The fight went on for half an hour while everyone stood and watched, terrified to intervene or leave. It ended with Vorantor challenging Cederic’s loyalty and insisting on a judgment, and Cederic saying he could take it up with the God-Empress if he wanted, and then Vorantor stormed off.
Except I was watching him the whole time—I already know how Cederic looks when he’s furious—and I’m certain Vorantor planned it all. He wants the God-Empress to make a ruling on whether the oath was broken, and who did it, and I know he’s got some plan to make it so Cederic is the one the God-Empress blames. Cederic is still angry enough that he won’t talk about it, though I think part of that anger is that he agrees with me and despises himself for being goaded.

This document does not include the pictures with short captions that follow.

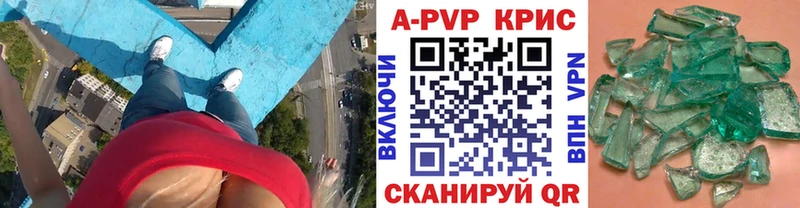 Купить закладку ГАШ  А ПВП  Мефедрон  Конопля  Курчалой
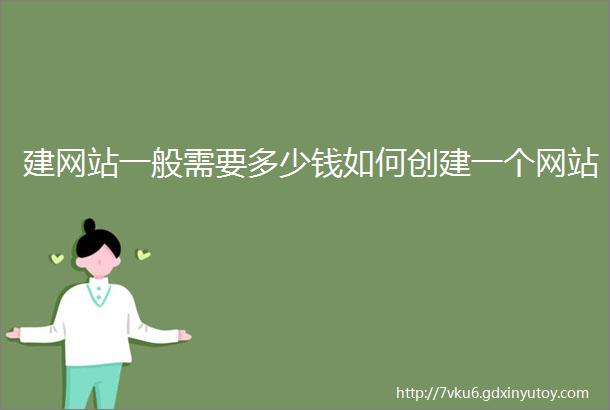 建网站一般需要多少钱如何创建一个网站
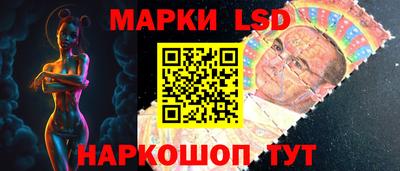 МДМА Кунгур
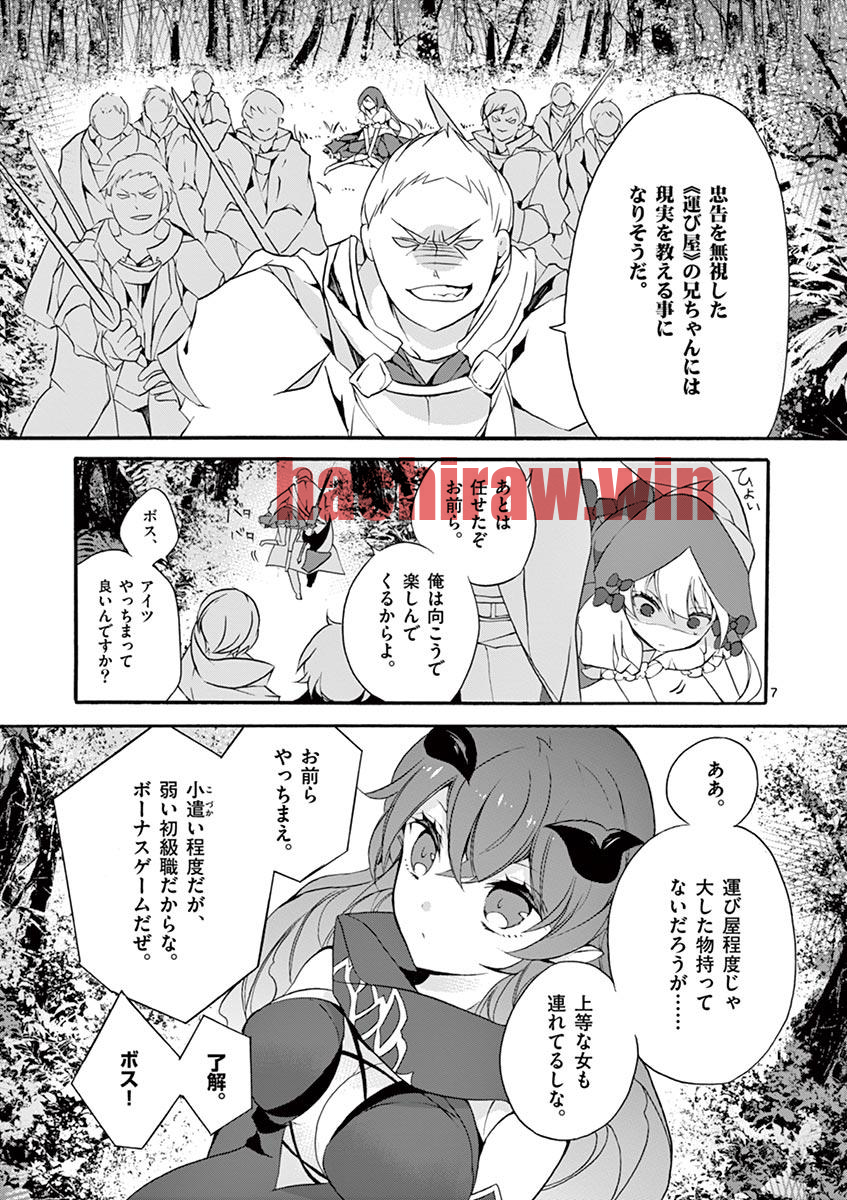 img 6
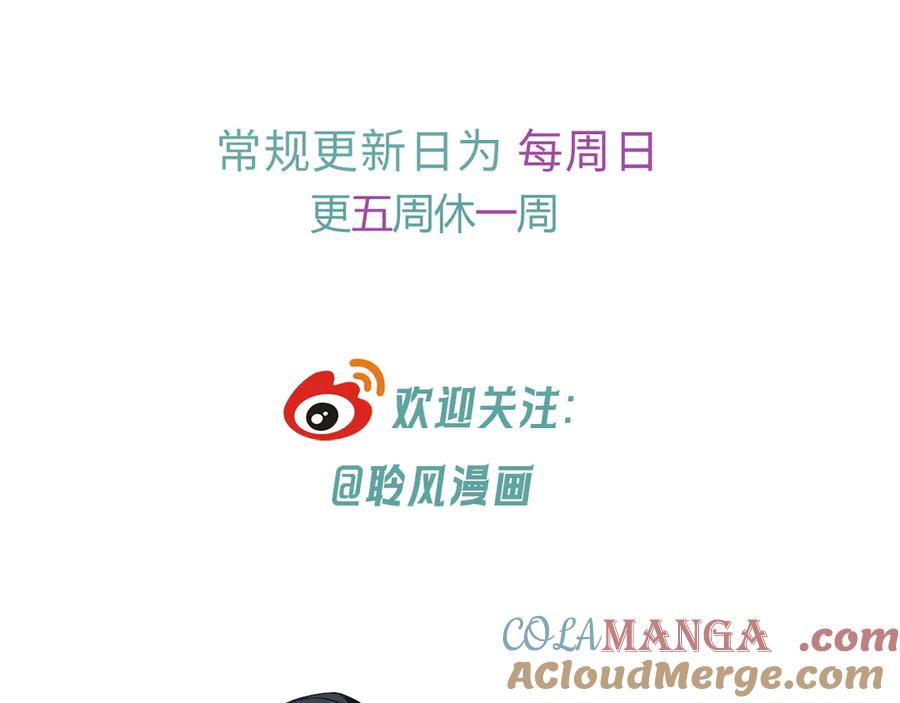 完美爱豆沦陷手册 - 番外 爱豆小课堂 第17页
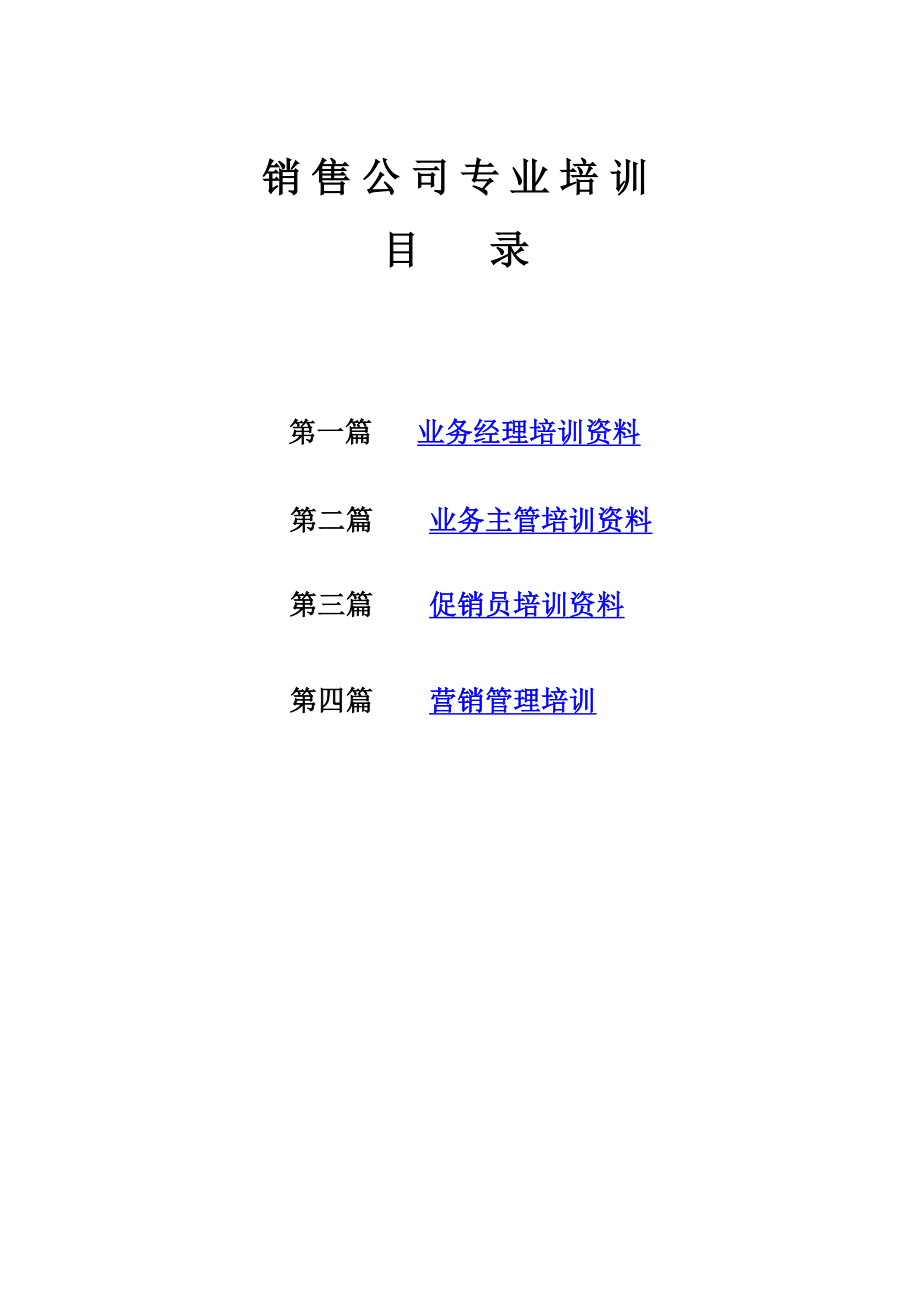 某销售公司专业培训资料.doc_第1页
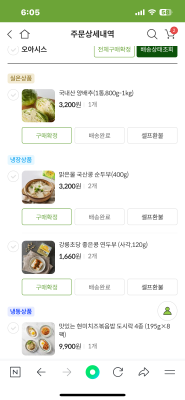 구매후기 사진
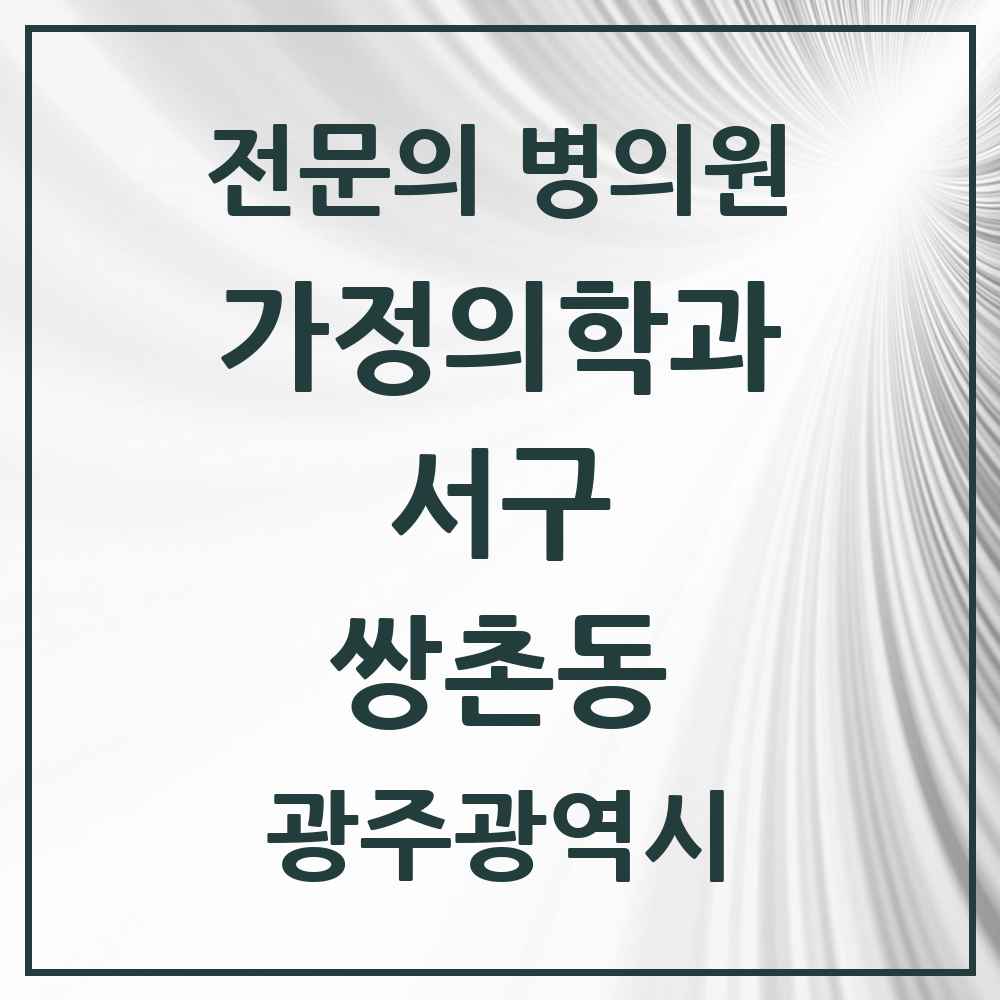 2025 광주광역시 서구 쌍촌동 가정의학과 전문의 의원·병원 목록 4곳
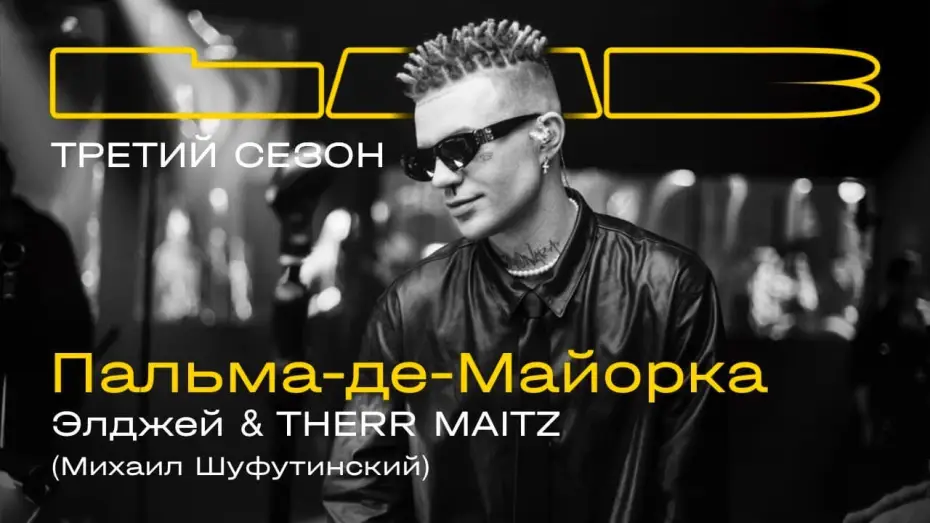 Видео к сериалу LAB with Anton Belyaev — Элджей, Therr Maitz — Пальма-де-Майорка / LAB c Антоном Беляевым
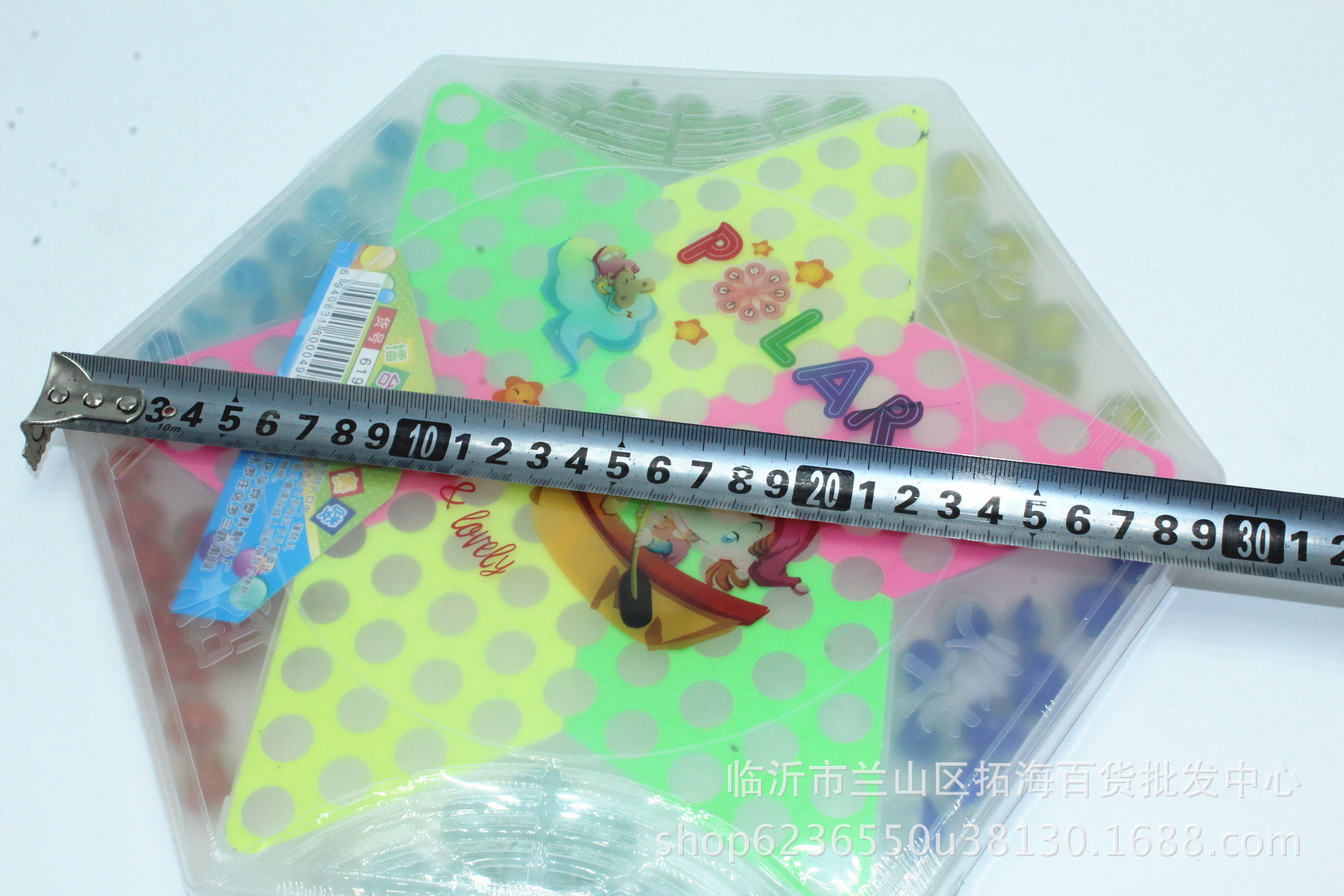 Glass Chinese Checkers Leisure Game Chess 10 Yuan Marbles Checkers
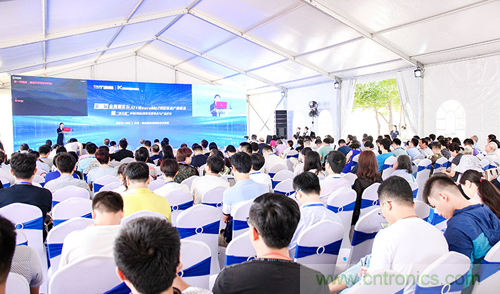 中美德三國(guó)院士和500位產(chǎn)學(xué)研領(lǐng)袖共商AI,可穿戴與智慧養(yǎng)老健康創(chuàng)新大計(jì)！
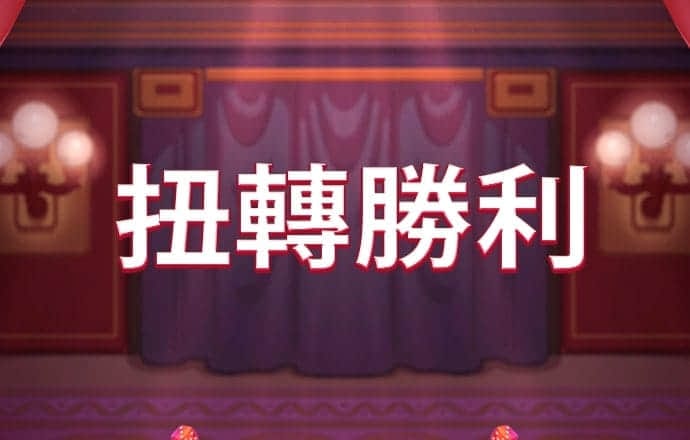 球王会体育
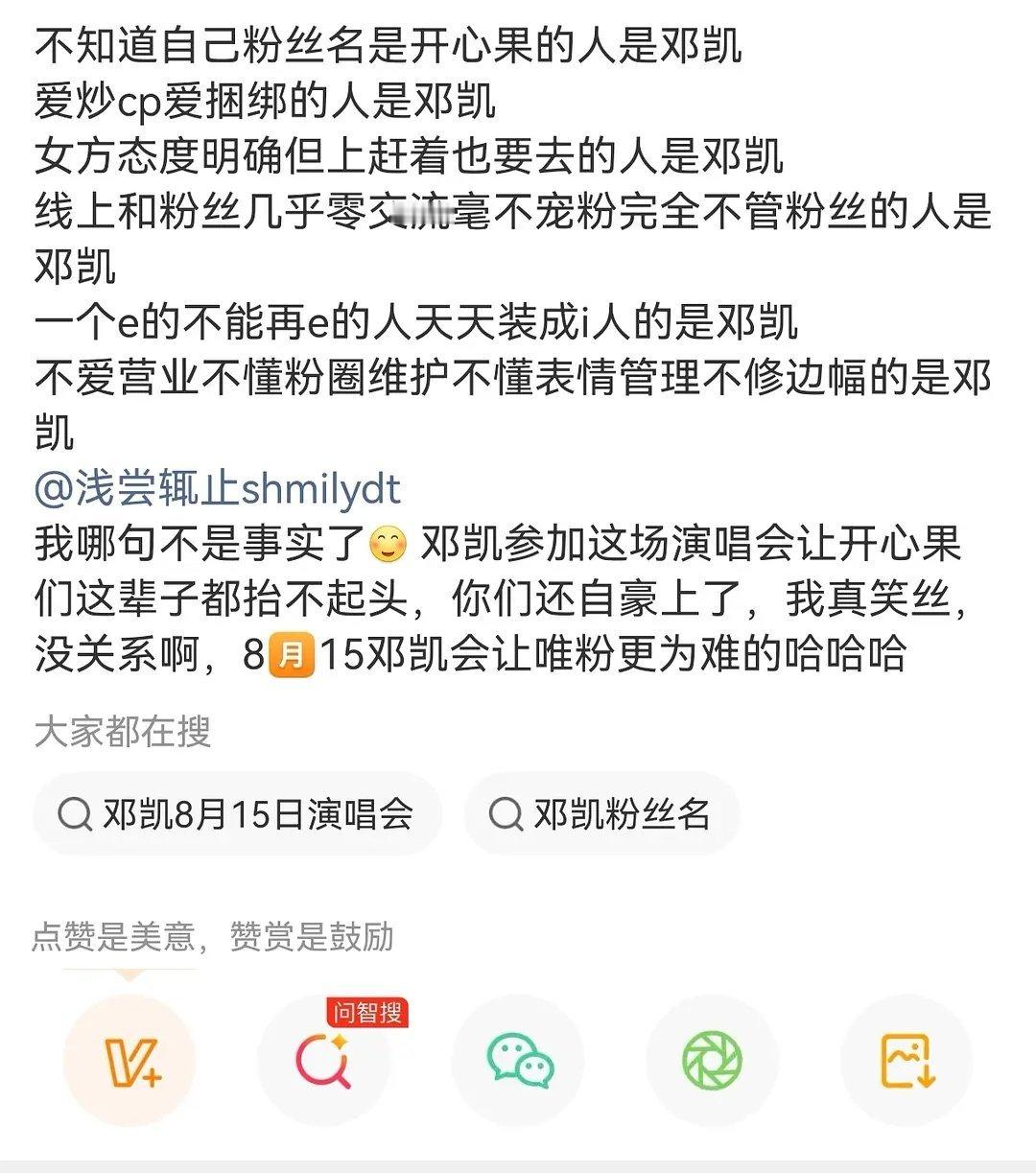 因为逐玉演唱会，有人脱粉邓凯了。。 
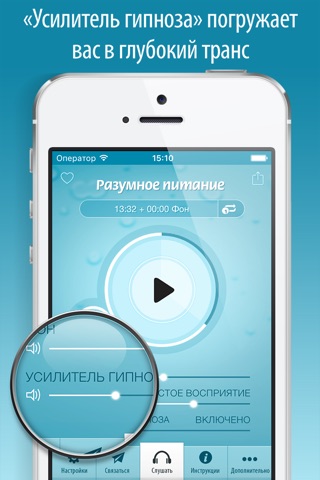 Разумное питание • Гипноз PRO screenshot 4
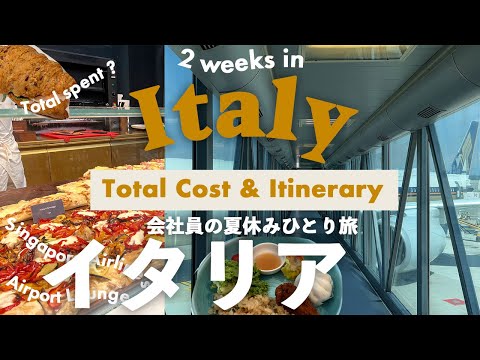 2 weeks in Italy🇮🇹travel cost, itinerary, budget, Milan,Sicily,Singapore airlines, ITA airways, vlog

The other frightening thing is that there was a message for me, in my room, my locked room, when I came back after dinner, sitting on my bed where I couldn’t help but notice it. It was in the same hand as the messages Vorantor received from Aselfos. It frightened me enough that, after I thoroughly checked my room to see if there were any secret entrances I didn’t know about, I went to the Sais’ common room and made up some reason for Cederic to come with me. It was dangerous, I know, but I can’t read and I didn’t want to wait for Cederic to eventually come to bed.
We went back to my room, and Cederic read the message silently, then set it aside and stared off in the direction of my wardrobe. “Tell me,” I insisted after it became clear that he might sit there like that all night.
“It says, ‘Three days from now the palace will not be safe,’” Cederic said. “It seems Aselfos is repaying his debt to you.”
“Three days,” I repeated. “No wonder Vorantor was transferring the war wagons. Aselfos is planning his coup.”
“The convergence could happen any day,” Cederic said. “In three days nowhere might be safe.”
“And tomorrow Vorantor will have prepared his challenge,” I said. “Anything might happen, when the God-Empress is involved.”
Cederic put his arms around me, and I held onto him and closed my eyes, wishing I could shut out the world that easily. “Why isn’t everything simple?” I said. “Why does Vorantor have to be jealous and the God-Empress have to be insane and Aselfos want to take over Castavir? I would like just one night where none of those things exist.”
“I think I can give you that,” Cederic said. “Go to my room and get into bed. I will return to the Sais’ room and join the discussion so no one remarks on my absence, and then I will come to you. I only wish I could find you wearing that dress.”
“Did you like it, then?” I said.
“I found the sight of your bare shoulders intoxicating. It was with great difficulty that I refrained from carrying you off to my bed and ravishing you,” Cederic said. “But then I have the same trouble when you wear nothing at all.”
“When I wear nothing at all,” I said, “I don’t mind being ravished.”
So now I’m waiting here in Cederic’s room, naked and writing all this down, and I feel less frightened. Whatever tomorrow brings, we’ll be able to handle it.